**TASK OBJECTIVE**
The entries below are to be copied exactly, with nothing left out.

Segment Open

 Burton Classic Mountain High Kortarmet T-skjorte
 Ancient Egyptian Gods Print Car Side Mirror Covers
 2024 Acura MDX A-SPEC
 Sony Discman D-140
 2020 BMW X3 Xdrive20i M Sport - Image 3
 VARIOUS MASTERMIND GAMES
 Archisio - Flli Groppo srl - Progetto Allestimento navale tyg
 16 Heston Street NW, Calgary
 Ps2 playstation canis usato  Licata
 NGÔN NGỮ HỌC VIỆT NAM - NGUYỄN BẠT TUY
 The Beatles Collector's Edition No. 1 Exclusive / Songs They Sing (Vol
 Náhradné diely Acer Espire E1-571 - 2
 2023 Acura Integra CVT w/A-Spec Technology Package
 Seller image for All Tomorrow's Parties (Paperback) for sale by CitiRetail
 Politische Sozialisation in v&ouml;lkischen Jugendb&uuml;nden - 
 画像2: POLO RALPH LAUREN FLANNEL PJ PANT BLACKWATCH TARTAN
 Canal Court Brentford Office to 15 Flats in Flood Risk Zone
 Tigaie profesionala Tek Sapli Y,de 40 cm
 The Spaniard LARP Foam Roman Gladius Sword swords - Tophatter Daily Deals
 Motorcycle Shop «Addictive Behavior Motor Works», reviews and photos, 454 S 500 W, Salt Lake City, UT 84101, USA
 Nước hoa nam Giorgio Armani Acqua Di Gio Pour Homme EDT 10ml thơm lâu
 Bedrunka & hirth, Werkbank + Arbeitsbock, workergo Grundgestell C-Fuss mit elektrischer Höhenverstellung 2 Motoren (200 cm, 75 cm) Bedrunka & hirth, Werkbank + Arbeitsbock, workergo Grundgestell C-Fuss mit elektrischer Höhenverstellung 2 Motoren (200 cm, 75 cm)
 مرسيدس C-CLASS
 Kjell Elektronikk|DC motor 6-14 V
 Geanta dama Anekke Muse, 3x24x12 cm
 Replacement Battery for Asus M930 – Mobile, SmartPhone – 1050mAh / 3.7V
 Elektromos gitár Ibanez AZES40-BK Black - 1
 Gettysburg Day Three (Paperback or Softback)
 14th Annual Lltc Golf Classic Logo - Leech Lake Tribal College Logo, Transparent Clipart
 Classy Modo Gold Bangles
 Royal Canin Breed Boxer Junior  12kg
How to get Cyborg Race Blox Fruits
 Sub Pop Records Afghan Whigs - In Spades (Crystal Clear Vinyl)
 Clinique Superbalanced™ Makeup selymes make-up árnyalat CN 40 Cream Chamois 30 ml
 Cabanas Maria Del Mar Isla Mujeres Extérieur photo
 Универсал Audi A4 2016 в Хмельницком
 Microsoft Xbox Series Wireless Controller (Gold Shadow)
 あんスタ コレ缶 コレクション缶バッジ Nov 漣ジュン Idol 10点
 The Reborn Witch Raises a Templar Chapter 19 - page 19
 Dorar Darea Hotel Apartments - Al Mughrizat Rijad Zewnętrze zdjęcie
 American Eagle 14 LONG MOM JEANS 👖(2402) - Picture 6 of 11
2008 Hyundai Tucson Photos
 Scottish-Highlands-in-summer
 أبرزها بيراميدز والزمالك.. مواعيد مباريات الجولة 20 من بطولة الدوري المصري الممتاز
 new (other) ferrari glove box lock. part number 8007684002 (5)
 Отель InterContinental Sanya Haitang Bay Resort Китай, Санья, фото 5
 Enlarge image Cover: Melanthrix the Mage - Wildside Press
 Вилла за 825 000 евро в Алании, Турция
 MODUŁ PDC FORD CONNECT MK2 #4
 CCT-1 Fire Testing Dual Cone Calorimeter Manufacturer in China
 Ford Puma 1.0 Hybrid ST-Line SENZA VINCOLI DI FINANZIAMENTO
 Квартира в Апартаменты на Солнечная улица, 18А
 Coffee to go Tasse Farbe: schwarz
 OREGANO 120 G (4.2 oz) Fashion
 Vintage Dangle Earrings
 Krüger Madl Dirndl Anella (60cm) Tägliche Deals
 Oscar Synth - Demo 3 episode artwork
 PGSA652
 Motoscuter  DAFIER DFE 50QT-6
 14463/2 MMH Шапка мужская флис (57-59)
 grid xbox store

Segment Closed

**WRITTEN REPLY**
 Burton Classic Mountain High Kortarmet T-skjorte
 Ancient Egyptian Gods Print Car Side Mirror Covers
 2024 Acura MDX A-SPEC
 Sony Discman D-140
 2020 BMW X3 Xdrive20i M Sport - Image 3
 VARIOUS MASTERMIND GAMES
 Archisio - Flli Groppo srl - Progetto Allestimento navale tyg
 16 Heston Street NW, Calgary
 Ps2 playstation canis usato  Licata
 NGÔN NGỮ HỌC VIỆT NAM - NGUYỄN BẠT TUY
 The Beatles Collector's Edition No. 1 Exclusive / Songs They Sing (Vol
 Náhradné diely Acer Espire E1-571 - 2
 2023 Acura Integra CVT w/A-Spec Technology Package
 Seller image for All Tomorrow's Parties (Paperback) for sale by CitiRetail
 Politische Sozialisation in v&ouml;lkischen Jugendb&uuml;nden - 
 画像2: POLO RALPH LAUREN FLANNEL PJ PANT BLACKWATCH TARTAN
 Canal Court Brentford Office to 15 Flats in Flood Risk Zone
 Tigaie profesionala Tek Sapli Y,de 40 cm
 The Spaniard LARP Foam Roman Gladius Sword swords - Tophatter Daily Deals
 Motorcycle Shop «Addictive Behavior Motor Works», reviews and photos, 454 S 500 W, Salt Lake City, UT 84101, USA
 Nước hoa nam Giorgio Armani Acqua Di Gio Pour Homme EDT 10ml thơm lâu
 Bedrunka & hirth, Werkbank + Arbeitsbock, workergo Grundgestell C-Fuss mit elektrischer Höhenverstellung 2 Motoren (200 cm, 75 cm) Bedrunka & hirth, Werkbank + Arbeitsbock, workergo Grundgestell C-Fuss mit elektrischer Höhenverstellung 2 Motoren (200 cm, 75 cm)
 مرسيدس C-CLASS
 Kjell Elektronikk|DC motor 6-14 V
 Geanta dama Anekke Muse, 3x24x12 cm
 Replacement Battery for Asus M930 – Mobile, SmartPhone – 1050mAh / 3.7V
 Elektromos gitár Ibanez AZES40-BK Black - 1
 Gettysburg Day Three (Paperback or Softback)
 14th Annual Lltc Golf Classic Logo - Leech Lake Tribal College Logo, Transparent Clipart
 Classy Modo Gold Bangles
 Royal Canin Breed Boxer Junior  12kg
How to get Cyborg Race Blox Fruits
 Sub Pop Records Afghan Whigs - In Spades (Crystal Clear Vinyl)
 Clinique Superbalanced™ Makeup selymes make-up árnyalat CN 40 Cream Chamois 30 ml
 Cabanas Maria Del Mar Isla Mujeres Extérieur photo
 Универсал Audi A4 2016 в Хмельницком
 Microsoft Xbox Series Wireless Controller (Gold Shadow)
 あんスタ コレ缶 コレクション缶バッジ Nov 漣ジュン Idol 10点
 The Reborn Witch Raises a Templar Chapter 19 - page 19
 Dorar Darea Hotel Apartments - Al Mughrizat Rijad Zewnętrze zdjęcie
 American Eagle 14 LONG MOM JEANS 👖(2402) - Picture 6 of 11
2008 Hyundai Tucson Photos
 Scottish-Highlands-in-summer
 أبرزها بيراميدز والزمالك.. مواعيد مباريات الجولة 20 من بطولة الدوري المصري الممتاز
 new (other) ferrari glove box lock. part number 8007684002 (5)
 Отель InterContinental Sanya Haitang Bay Resort Китай, Санья, фото 5
 Enlarge image Cover: Melanthrix the Mage - Wildside Press
 Вилла за 825 000 евро в Алании, Турция
 MODUŁ PDC FORD CONNECT MK2 #4
 CCT-1 Fire Testing Dual Cone Calorimeter Manufacturer in China
 Ford Puma 1.0 Hybrid ST-Line SENZA VINCOLI DI FINANZIAMENTO
 Квартира в Апартаменты на Солнечная улица, 18А
 Coffee to go Tasse Farbe: schwarz
 OREGANO 120 G (4.2 oz) Fashion
 Vintage Dangle Earrings
 Krüger Madl Dirndl Anella (60cm) Tägliche Deals
 Oscar Synth - Demo 3 episode artwork
 PGSA652
 Motoscuter  DAFIER DFE 50QT-6
 14463/2 MMH Шапка мужская флис (57-59)
 grid xbox store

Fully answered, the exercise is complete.